- Barrackpore Barrackpore, Trinidad and Tobago
- Coordinates: 10°11′28″N 61°23′38″W﻿ / ﻿10.191°N 61.394°W
- Country: Trinidad and Tobago
- Region: Penal-Debe
- Named after: Barrackpore, India

Population (2011)
- • Total: 7,578
- Ranked
- Time zone: UTC−4 (AST)
- Postal Code: 84xxxx
- Area code: +1 (868)-654

= Barrackpore, Trinidad and Tobago =

Barrackpore is a town in southern Trinidad and Tobago. It is located southeast of San Fernando, east of Debe, and northeast of Penal, and is under the administrative authority of the Penal–Debe Regional Corporation.

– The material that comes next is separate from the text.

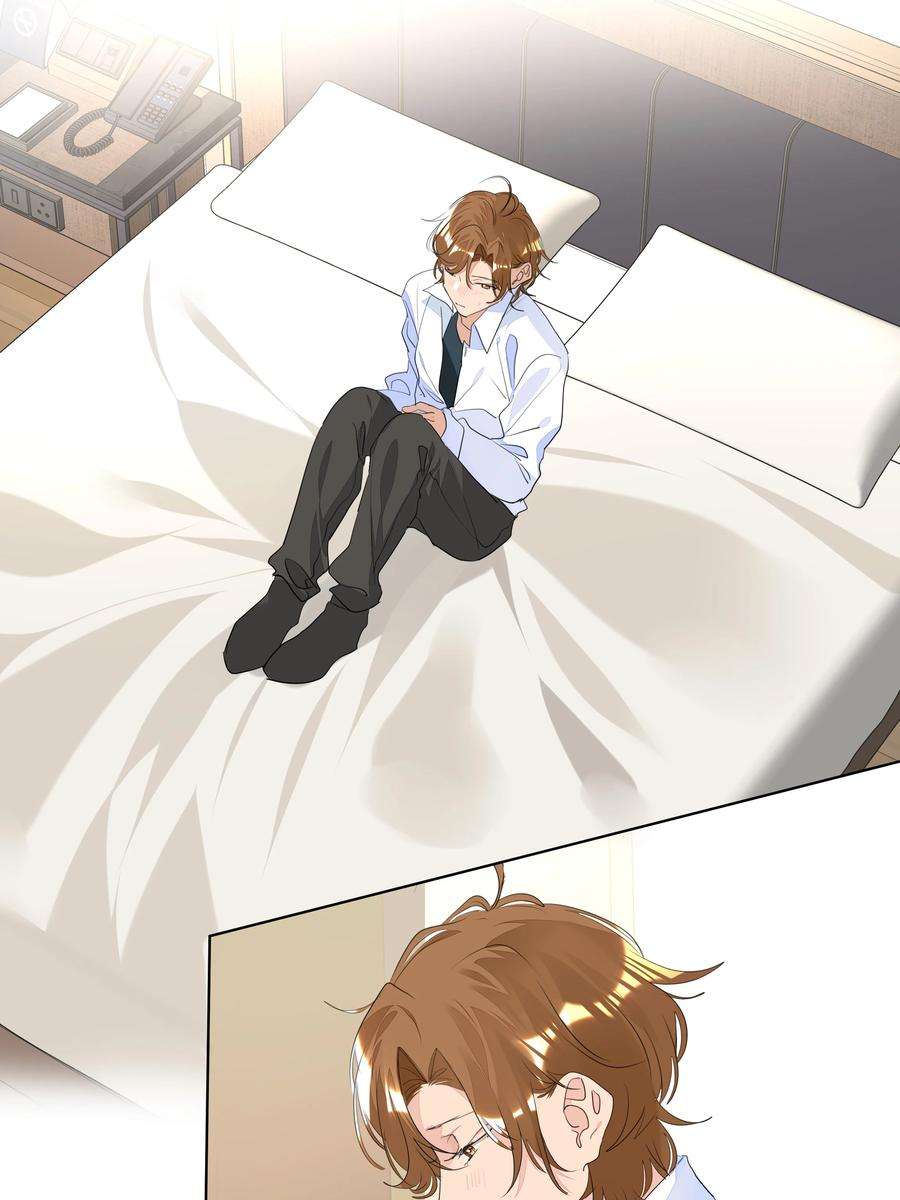 学霸今天撩到小奶包了吗030 英雄救美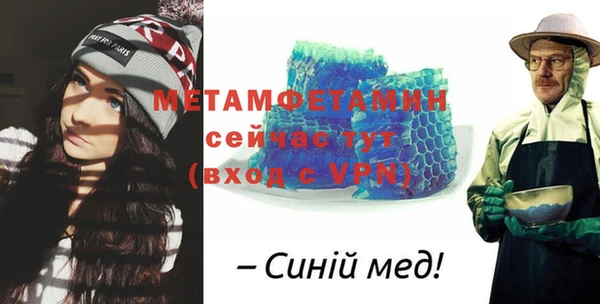 бутик Мегион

It is home to the 7 Pot Barrackpore Pepper. Sundar Popo was a resident of Monkey Town, which is in the northwestern part of Barrackpore. Other popular cricket personalities include Rajindra Dhanraj, Daren Ganga, Jason Mohammed, and Samuel Badree. In the small village, a well-known Digity Mud Volcano can be found. One of the renown landmarks is the Subrattee trace masjid, it is also home to the seven old sugar cane weighing stations, and is well known as the home of sugar cane and rice and the locomotive, since the early 1950s.